Books that Rule
Nonfiction: Organized by genre, subject matter, and whim.
Craft Books (Books about writing processes)
- Steering the Craft by Ursula K LeGuin // For being an excellent jumping off point with exercises, suggestions, and "did you know you could do this?" passages, without ever demanding structure or codal adherence.
- Meander, Spiral, Explode by Jane Alison // For a fresh and feminine perspective on the large-scale structures of narrative that reminds the reader there is more than just the escalation to climax and denouement.
- The Emotional Craft of Fiction by Donald Maass // For digging deeper into the subtext and the maelstrom beneath the surface; human interaction is beautifully messy.
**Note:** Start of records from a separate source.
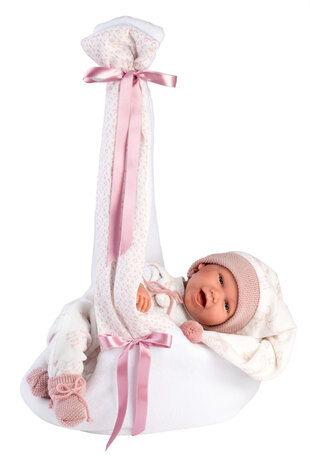 Llorens Pop Mimi Sonrisas Capazo Cigüeña Rosa 42 Cm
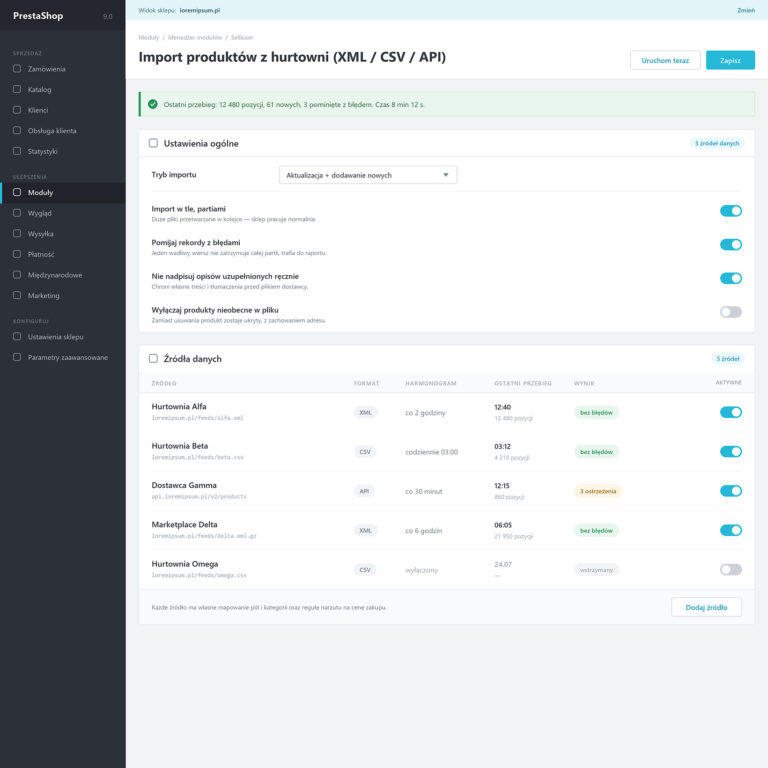 Import produktów z hurtowni (XML/CSV/API)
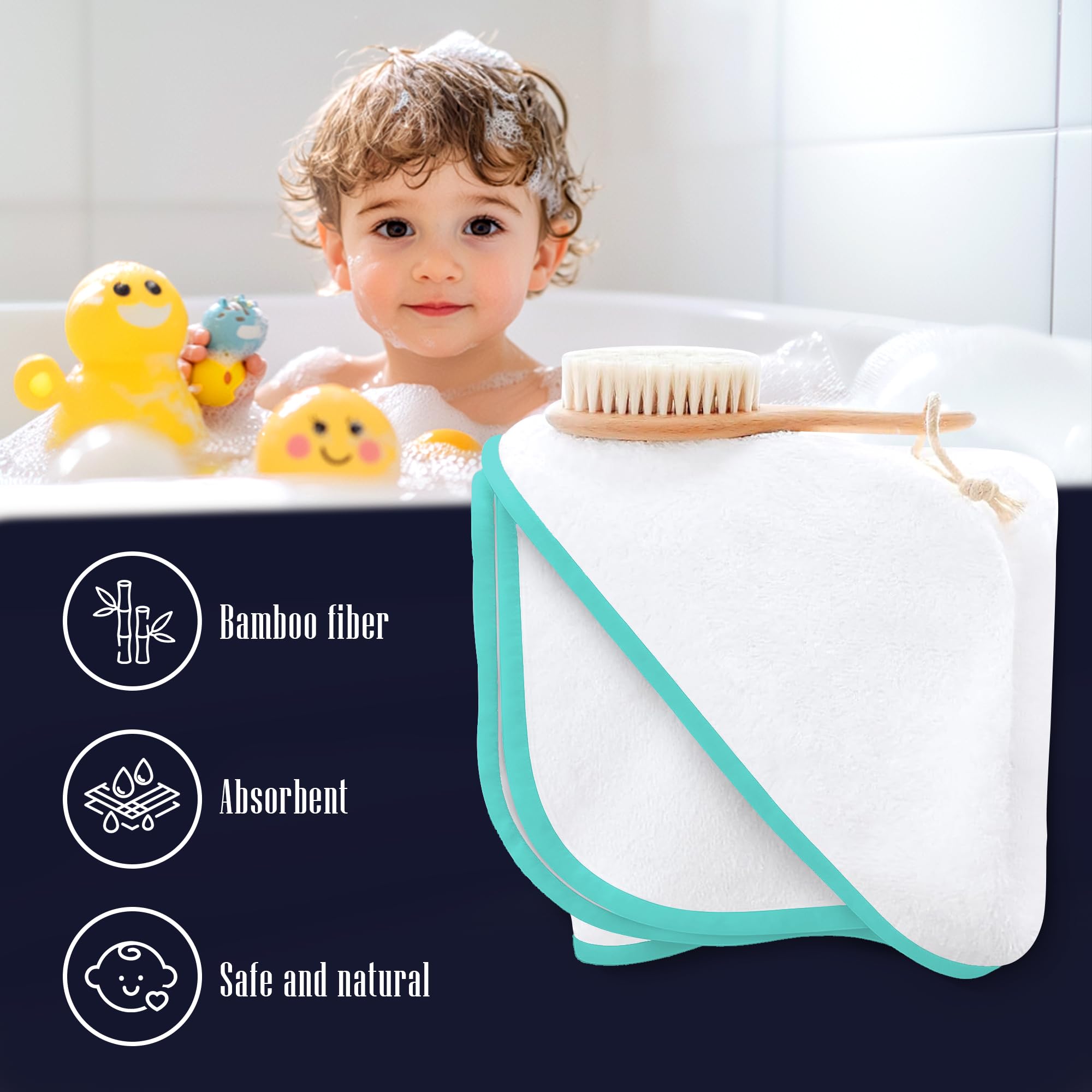 BAMBOO QUEEN 37.5x37.5 hooded towel for kids, big and cozy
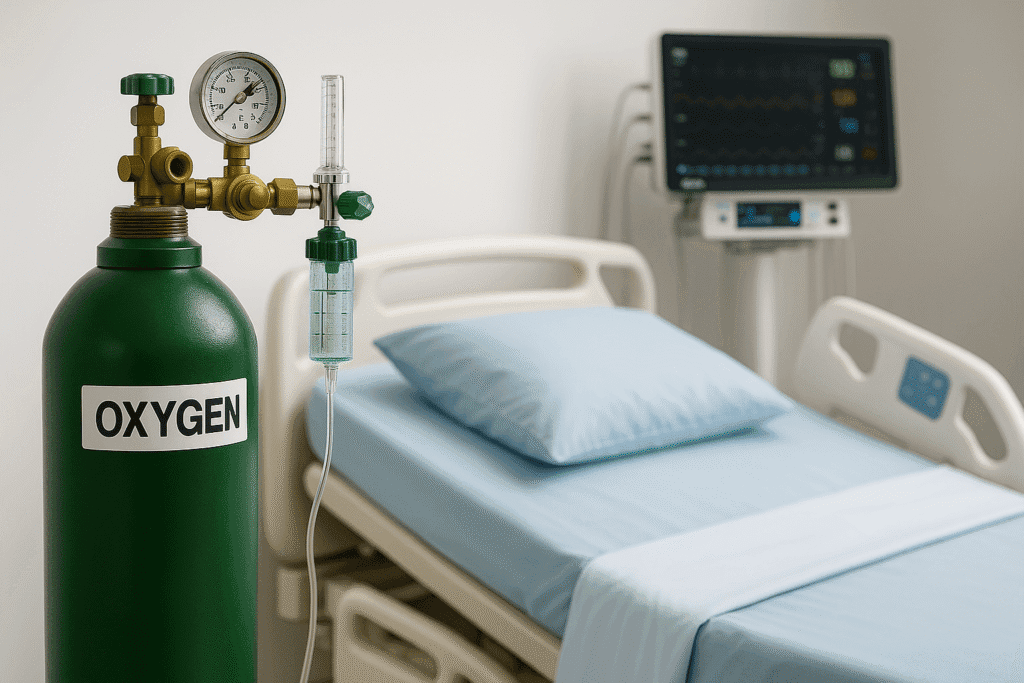 Medical oxygen cylinder connected to patient monitoring system in a hospital.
- Craft in the Real World by Matthew Salesses // To reorient critique and the editing process with the perspective of the originator, the cultural uniqueness and individual value brought by not filing off all the edges to fit a story into an Iowa-shaped box.
Politics & History
- Seeing Like A State by James C Scott // Dispelling the presumed importance of organized, "legible" society and forced constructed urbanity, clearing the name of ad-hoc communities of the harm done by despots and state-builders, by showing the flaws in their methods.
- The Sixth Extinction bu Elizabeth Kolbert // Examining the epoch of our own making and what it means for the future by examining the great extinctions of the past.
- The Dawn of Everything by Davids Graeber & Wengrow // A search for the origin of human inequity leads the authors to grapple with the organization of societies stretching back to the first emergence of our species, and even before that. They reject the popular concept that complex, large communities must organize under indirect representation or singular rule.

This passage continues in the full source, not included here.